Was your native Finnish friend was drunk? The Finnish "s" is always pronounced as IPA [s], unless you're a comedian slurring on purpose. If anything, many Finns find š ([ʃ]) a little strange and pronounce it as [s] also. Ref: [1] Jpatokal 15:34, 11 December 2005 (UTC)[reply]

No, he was absolutely sober. I'm sorry that you don't perceive this sound as different. Maybe you speak a different dialect, I don't know, or you find it average, which is not surprising if it's your mother tongue and you haven't dealt with it from a foreign point of view. – A "proof" that it exists in standard Finnish is that I have a teacher who examines students at the leading Hungarian language examination centre ([2]) in Finnish language, and when she pronounced a Finnish name at the class, she pronounced that [s] sound differently. (I wouldn't say so if I hadn't noticed the difference, since she doesn't use that sound in her native Hungarian speech, so she must have acquired it specifically for speaking correct Finnish.) Aha, I said to myself, that was the sound I also heard from my native Finnish friend. I clearly remember when I practiced this sound for a few minutes, until this friend said my pronunciation began to approach the native way. Obviously, it wouldn't have been difficult for me if Finnish people were to use the very same sound as exists in English, German etc. Anyway, I'll try to reveal the character of this sound. Adam78 20:17, 11 December 2005 (UTC)[reply]

Perhaps this is ceceo or Helsinki lisp, part of the Helsinki slang. Furthermore, since Finnish doesn't really distinguish sh from s, the stridency of s is not as important in recognizing (and thus producing) the sound. It could be a difference between laminal and apical articulations, also. --Vuo 22:44, 11 December 2005 (UTC)[reply]

Thank you! Do you mean this sound is not part of the received (standard) pronunciation of Finnish (if there is such)? If it isn't, can the standard variation of Finnish be localized in the country? Adam78 18:32, 12 December 2005 (UTC)[reply]

Pretty much the only deviation from the standard language when it comes to pronouncing /s/ is the (feminine) Helsinki lisp. On the other hand, if you're going to compare to other languages, then the standard /s/ may sound "softer". This is because Finnish has only this fricative, and not much effort is required to distinguish from other sounds, unlike in e.g. English with both 's' and 'sh'. --130.233.243.228 01:42, 14 March 2006 (UTC)[reply]
This indeed is the case, Finnish s is softer than the English one, since Finnish doesn't need to distinguish s and š. The accurate pronunciation is between [s] and [ʃ]. --Fagyd 19:24, 27 February 2007 (UTC)[reply]
AIUI, in more technical terms this would be: Finnish, and generally languages with no /ʃ/, have a laminal [s̻], while languages that do have both sibilants, have an apical [s̺], assumably to maximize the contrast to the naturally laminal /ʃ/.
It could be relevant to note here that Germanic s-initial loans in Finnish that were acquired at a time when the sibilant situation was the reverse (one in G, two in F), indeed have nowadays an initial /h/ (deriving from a former /ʃ/). Two examples: huoma- "notice" from *sooman- (CF Old Norse sómi) hidas "slo" from *siiþaz (CF German seit). --Tropylium 18:14, 9 June 2007 (UTC)[reply]

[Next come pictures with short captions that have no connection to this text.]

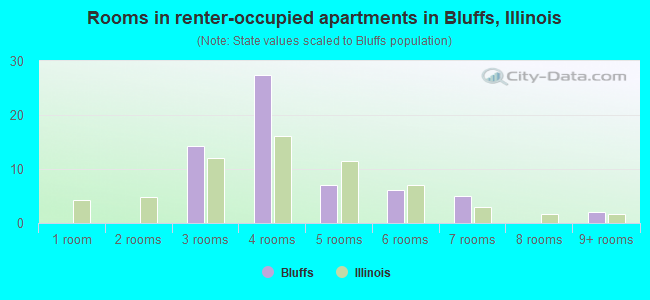 Rooms in renter-occupied apartments in Bluffs, Illinois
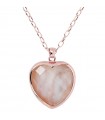 Bronzallure Pink Pearl Heart Necklace for Woman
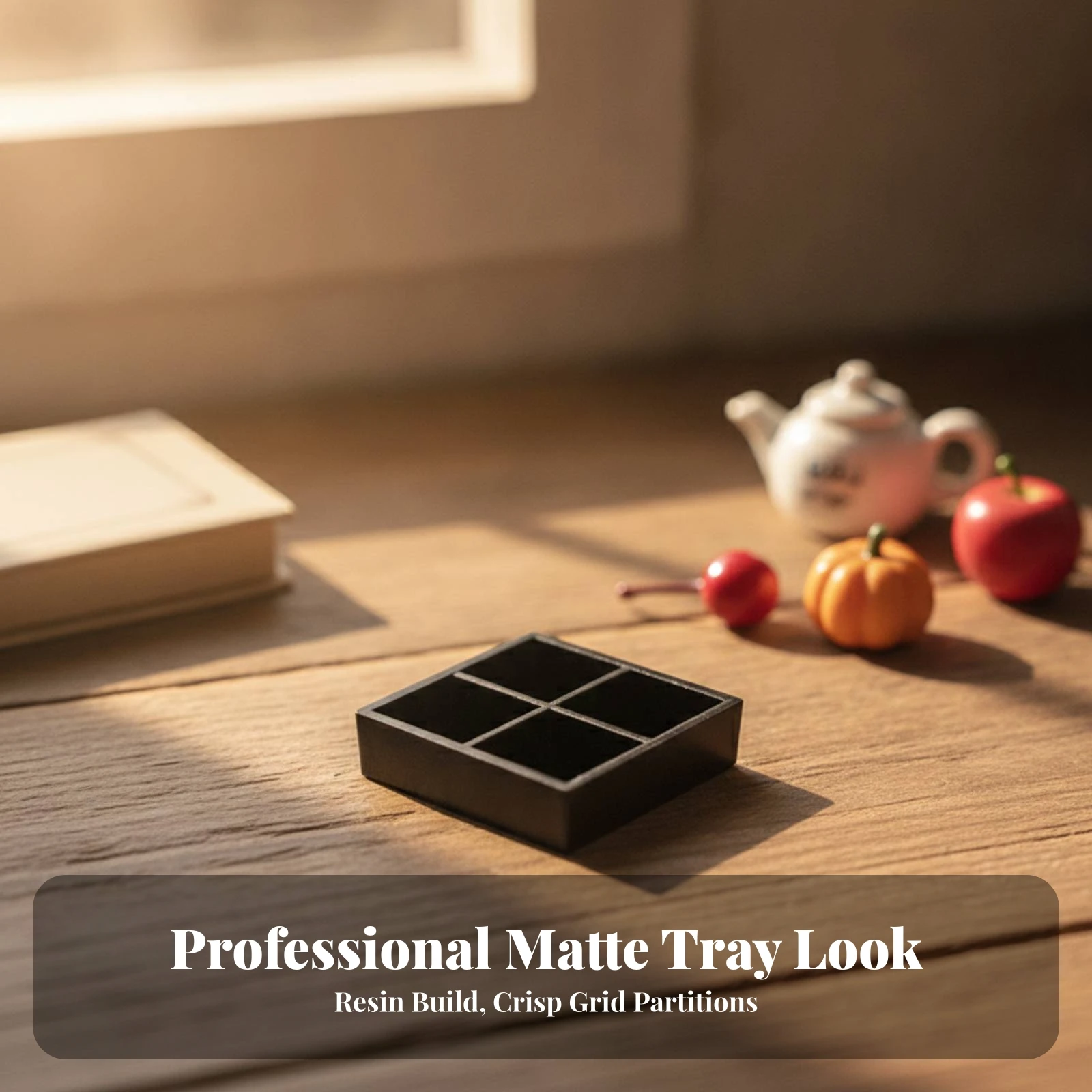 Dollhouse Food Display Tray Resin Miniature Square Tray Tableware Dish Exquisite Decorations 3D
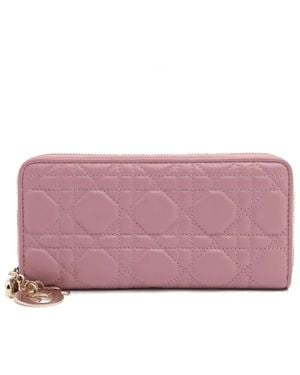 Dior Portafoglio in pelle con tasca con zip e slot per carte - Rosa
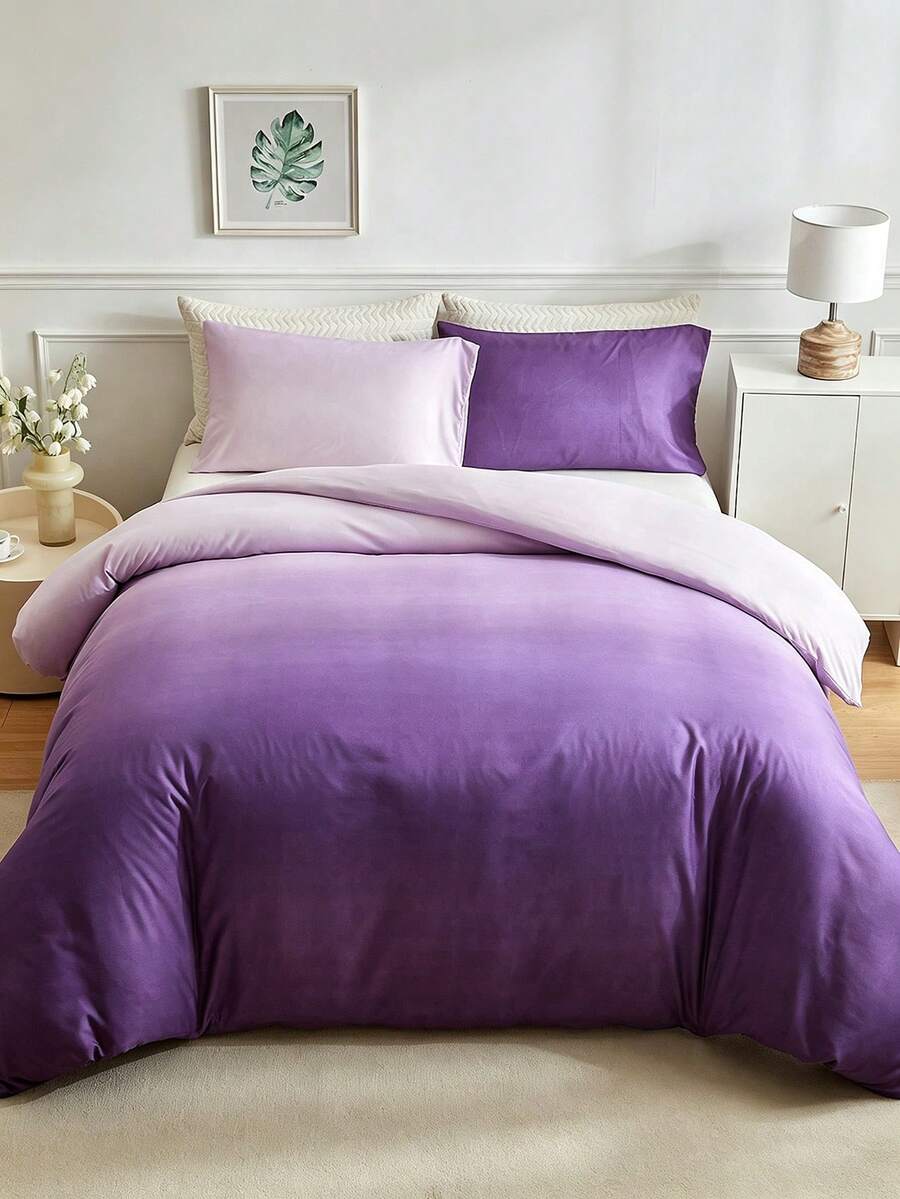 3pcs Ombre Purple Polyester Duvet Cover Set, Minimalist & Fashionable Bedding Set Suitable For All Seasons - Multicolor - View 1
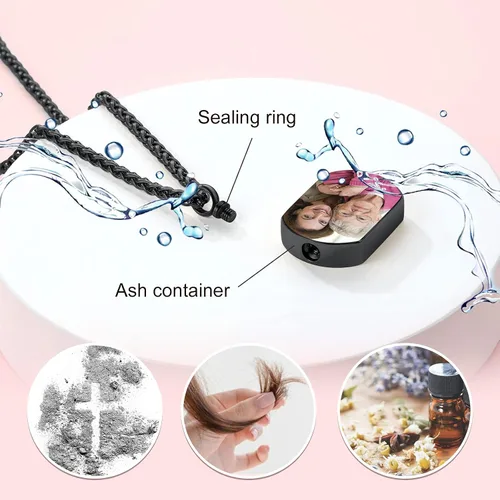 Miniatura 102 de FindChic Collares personalizados con urna para cenizas, barra vertical, gato, luna, reloj de arena, garra de perro, acero inoxidable, chapado en oro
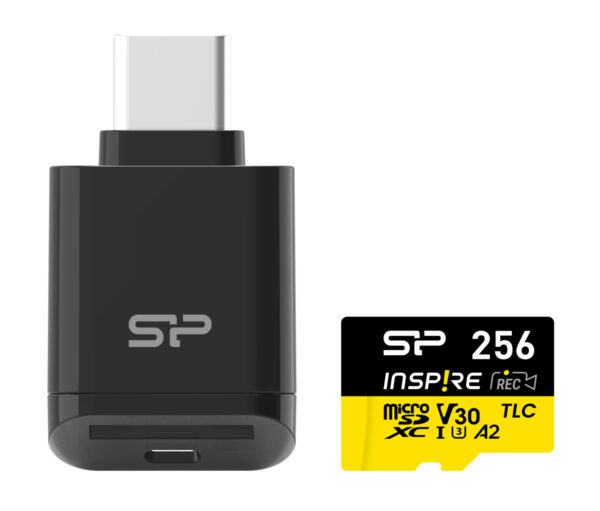 SILICON POWER κάρτα μνήμης microSDXC Inspire με card reader
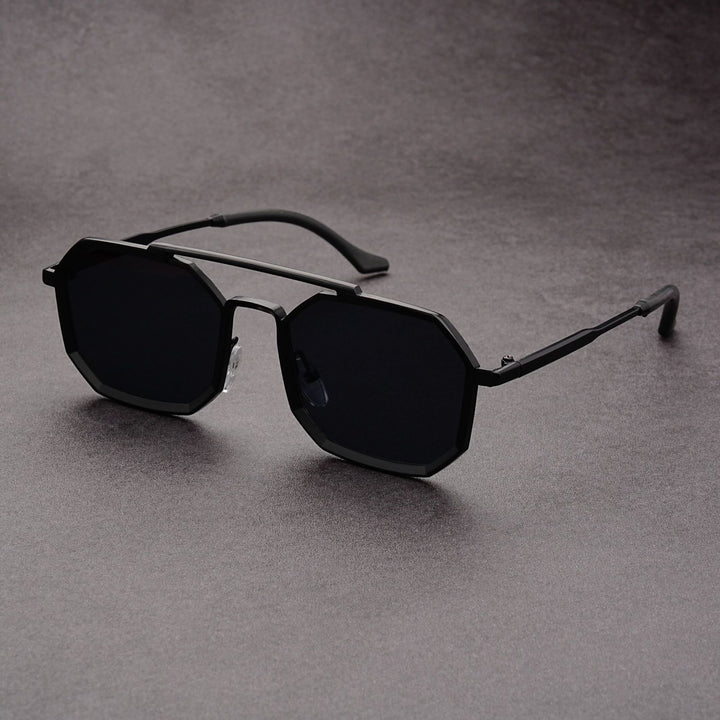 Unisex Futuristic Sunglasses – Double Bridge Angular Frame Acetate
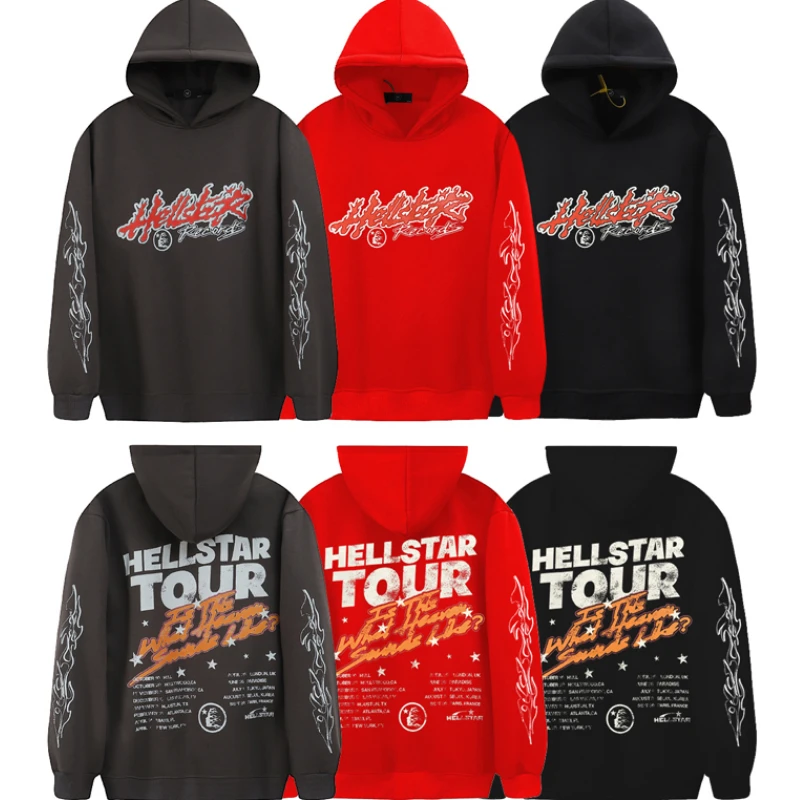 

HELLSTAR High Quality Classic Flame Letter Logo Hoodie Men's Women's American Hip Hop Loose Sweatshirt Pullover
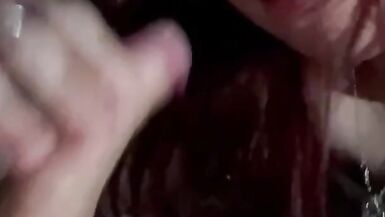 Sexy MILF swallows husbands big , hard cock while playing his game - 7 image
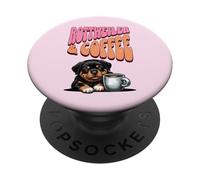 dolce cucciolo di Rottweiler cane e tazza di caffè al mattino PopSockets PopGrip Adesivo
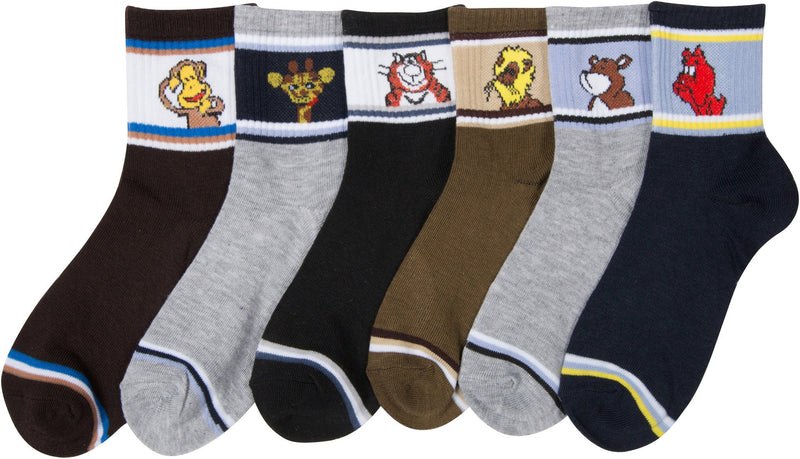 Sakkas Boy's Playful Pattern Assorted Crew Socks 6-Pack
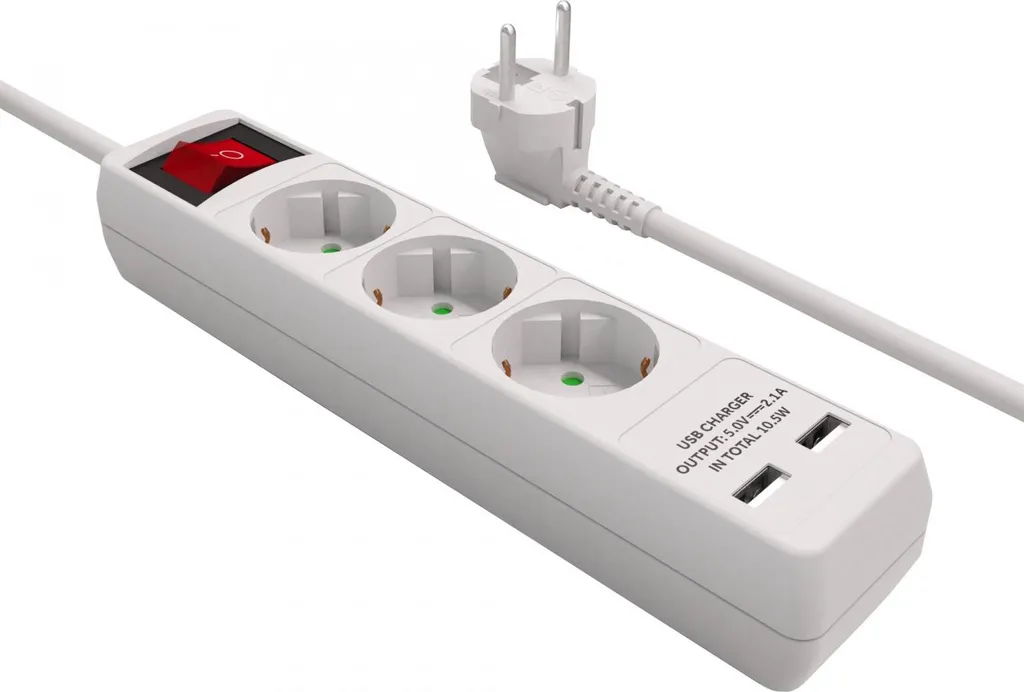 Multiprise Allteq 3 sorties 3860W Blanche 1,5 m - Haute puissance et sécurité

Open front unrounded or near-open front unrounded?[edit]

The article says that the Finnish vowel ä is the Open front unrounded vowel. To me (I'm a native speaker but not a phonetician) that vowel's sound file in the article on that vowel sounds nothing like ä. The Near-open front unrounded vowel however sounds exactly like ä and even the IPA symbol looks much more like the one used in the phonology article. Has there prehaps been some kind of a mistake? Ossi 22:28, 21 March 2006 (UTC)[reply]

Artificial symmetry?[edit]

I removed this from the article:

Some phoneticians have also raised the question, whether it would be more appropriate to mark the open front vowel as /a/ instead of /æ/. This would make the Finnish phonological system seem more symmetric, since IPA [æ] is strictly speaking a little higher than the open front vowel [a]. Some acoustic studies seem to indicate that there is in fact no significant difference between the orthographical a and ä in terms of vowel closeness.

The perceived quality of /ä/ is [æ], and vice versa. I and the writer above can confirm this as native speakers. Trying to make /ä/ an [a] because it's more symmetric is prescribing, not describing. Real languages don't need to have perfectly symmetric vowel systems, and Finnish is a real language. --Vuo 22:09, 26 March 2006 (UTC)[reply]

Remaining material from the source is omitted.